*** Entries provided ***

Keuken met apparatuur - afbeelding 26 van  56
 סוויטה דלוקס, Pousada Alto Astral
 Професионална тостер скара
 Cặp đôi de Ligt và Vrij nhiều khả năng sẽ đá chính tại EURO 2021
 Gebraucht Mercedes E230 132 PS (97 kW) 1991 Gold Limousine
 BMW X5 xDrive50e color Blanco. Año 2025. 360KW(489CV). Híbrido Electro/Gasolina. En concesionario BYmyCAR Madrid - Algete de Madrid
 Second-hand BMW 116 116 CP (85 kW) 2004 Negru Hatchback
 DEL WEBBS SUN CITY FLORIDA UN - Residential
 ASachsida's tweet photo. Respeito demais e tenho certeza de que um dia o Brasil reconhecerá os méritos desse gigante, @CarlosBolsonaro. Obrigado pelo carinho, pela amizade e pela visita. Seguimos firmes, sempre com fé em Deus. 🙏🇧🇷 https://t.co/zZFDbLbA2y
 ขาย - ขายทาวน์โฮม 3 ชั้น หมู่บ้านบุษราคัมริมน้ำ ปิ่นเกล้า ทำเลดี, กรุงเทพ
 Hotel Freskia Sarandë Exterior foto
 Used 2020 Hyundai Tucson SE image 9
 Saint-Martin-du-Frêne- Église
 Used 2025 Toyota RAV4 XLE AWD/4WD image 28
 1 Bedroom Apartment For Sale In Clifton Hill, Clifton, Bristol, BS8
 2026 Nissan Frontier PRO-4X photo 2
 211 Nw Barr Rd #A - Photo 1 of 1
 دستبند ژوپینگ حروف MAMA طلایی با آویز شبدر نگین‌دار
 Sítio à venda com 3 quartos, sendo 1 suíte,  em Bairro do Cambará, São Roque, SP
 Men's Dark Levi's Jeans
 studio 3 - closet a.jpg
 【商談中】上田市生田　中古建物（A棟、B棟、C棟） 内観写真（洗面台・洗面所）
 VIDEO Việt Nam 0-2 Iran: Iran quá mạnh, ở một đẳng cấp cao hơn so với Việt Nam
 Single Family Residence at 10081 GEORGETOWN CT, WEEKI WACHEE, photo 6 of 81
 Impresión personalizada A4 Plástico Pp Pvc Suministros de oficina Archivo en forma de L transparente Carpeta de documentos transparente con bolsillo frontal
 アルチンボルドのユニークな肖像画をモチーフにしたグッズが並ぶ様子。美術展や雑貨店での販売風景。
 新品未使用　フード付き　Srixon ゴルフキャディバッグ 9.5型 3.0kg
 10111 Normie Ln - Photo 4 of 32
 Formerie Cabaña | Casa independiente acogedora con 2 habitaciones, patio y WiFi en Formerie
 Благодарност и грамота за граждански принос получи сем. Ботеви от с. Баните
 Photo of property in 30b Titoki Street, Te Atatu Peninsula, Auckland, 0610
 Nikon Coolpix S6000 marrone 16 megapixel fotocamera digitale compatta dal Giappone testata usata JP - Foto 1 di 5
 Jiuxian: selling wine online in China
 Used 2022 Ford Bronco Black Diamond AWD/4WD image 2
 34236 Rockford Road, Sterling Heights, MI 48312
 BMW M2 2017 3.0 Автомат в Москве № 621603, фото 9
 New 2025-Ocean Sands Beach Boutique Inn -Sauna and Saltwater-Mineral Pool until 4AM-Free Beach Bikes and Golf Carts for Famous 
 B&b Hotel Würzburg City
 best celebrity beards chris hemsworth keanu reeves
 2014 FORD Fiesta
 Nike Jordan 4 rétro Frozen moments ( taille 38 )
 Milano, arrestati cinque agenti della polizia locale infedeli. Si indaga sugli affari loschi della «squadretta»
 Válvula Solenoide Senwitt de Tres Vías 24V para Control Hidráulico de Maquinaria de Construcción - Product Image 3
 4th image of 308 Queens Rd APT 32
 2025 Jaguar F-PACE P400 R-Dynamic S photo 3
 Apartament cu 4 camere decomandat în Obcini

*** End of Entries provided ***

● **Your instructions**: Beginning with the first line above, transcribe all of the data exactly.

● **Reply**:
Keuken met apparatuur - afbeelding 26 van  56
 סוויטה דלוקס, Pousada Alto Astral
 Професионална тостер скара
 Cặp đôi de Ligt và Vrij nhiều khả năng sẽ đá chính tại EURO 2021
 Gebraucht Mercedes E230 132 PS (97 kW) 1991 Gold Limousine
 BMW X5 xDrive50e color Blanco. Año 2025. 360KW(489CV). Híbrido Electro/Gasolina. En concesionario BYmyCAR Madrid - Algete de Madrid
 Second-hand BMW 116 116 CP (85 kW) 2004 Negru Hatchback
 DEL WEBBS SUN CITY FLORIDA UN - Residential
 ASachsida's tweet photo. Respeito demais e tenho certeza de que um dia o Brasil reconhecerá os méritos desse gigante, @CarlosBolsonaro. Obrigado pelo carinho, pela amizade e pela visita. Seguimos firmes, sempre com fé em Deus. 🙏🇧🇷 https://t.co/zZFDbLbA2y
 ขาย - ขายทาวน์โฮม 3 ชั้น หมู่บ้านบุษราคัมริมน้ำ ปิ่นเกล้า ทำเลดี, กรุงเทพ
 Hotel Freskia Sarandë Exterior foto
 Used 2020 Hyundai Tucson SE image 9
 Saint-Martin-du-Frêne- Église
 Used 2025 Toyota RAV4 XLE AWD/4WD image 28
 1 Bedroom Apartment For Sale In Clifton Hill, Clifton, Bristol, BS8
 2026 Nissan Frontier PRO-4X photo 2
 211 Nw Barr Rd #A - Photo 1 of 1
 دستبند ژوپینگ حروف MAMA طلایی با آویز شبدر نگین‌دار
 Sítio à venda com 3 quartos, sendo 1 suíte,  em Bairro do Cambará, São Roque, SP
 Men's Dark Levi's Jeans
 studio 3 - closet a.jpg
 【商談中】上田市生田　中古建物（A棟、B棟、C棟） 内観写真（洗面台・洗面所）
 VIDEO Việt Nam 0-2 Iran: Iran quá mạnh, ở một đẳng cấp cao hơn so với Việt Nam
 Single Family Residence at 10081 GEORGETOWN CT, WEEKI WACHEE, photo 6 of 81
 Impresión personalizada A4 Plástico Pp Pvc Suministros de oficina Archivo en forma de L transparente Carpeta de documentos transparente con bolsillo frontal
 アルチンボルドのユニークな肖像画をモチーフにしたグッズが並ぶ様子。美術展や雑貨店での販売風景。
 新品未使用　フード付き　Srixon ゴルフキャディバッグ 9.5型 3.0kg
 10111 Normie Ln - Photo 4 of 32
 Formerie Cabaña | Casa independiente acogedora con 2 habitaciones, patio y WiFi en Formerie
 Благодарност и грамота за граждански принос получи сем. Ботеви от с. Баните
 Photo of property in 30b Titoki Street, Te Atatu Peninsula, Auckland, 0610
 Nikon Coolpix S6000 marrone 16 megapixel fotocamera digitale compatta dal Giappone testata usata JP - Foto 1 di 5
 Jiuxian: selling wine online in China
 Used 2022 Ford Bronco Black Diamond AWD/4WD image 2
 34236 Rockford Road, Sterling Heights, MI 48312
 BMW M2 2017 3.0 Автомат в Москве № 621603, фото 9
 New 2025-Ocean Sands Beach Boutique Inn -Sauna and Saltwater-Mineral Pool until 4AM-Free Beach Bikes and Golf Carts for Famous 
 B&b Hotel Würzburg City
 best celebrity beards chris hemsworth keanu reeves
 2014 FORD Fiesta
 Nike Jordan 4 rétro Frozen moments ( taille 38 )
 Milano, arrestati cinque agenti della polizia locale infedeli. Si indaga sugli affari loschi della «squadretta»
 Válvula Solenoide Senwitt de Tres Vías 24V para Control Hidráulico de Maquinaria de Construcción - Product Image 3
 4th image of 308 Queens Rd APT 32
 2025 Jaguar F-PACE P400 R-Dynamic S photo 3
 Apartament cu 4 camere decomandat în Obcini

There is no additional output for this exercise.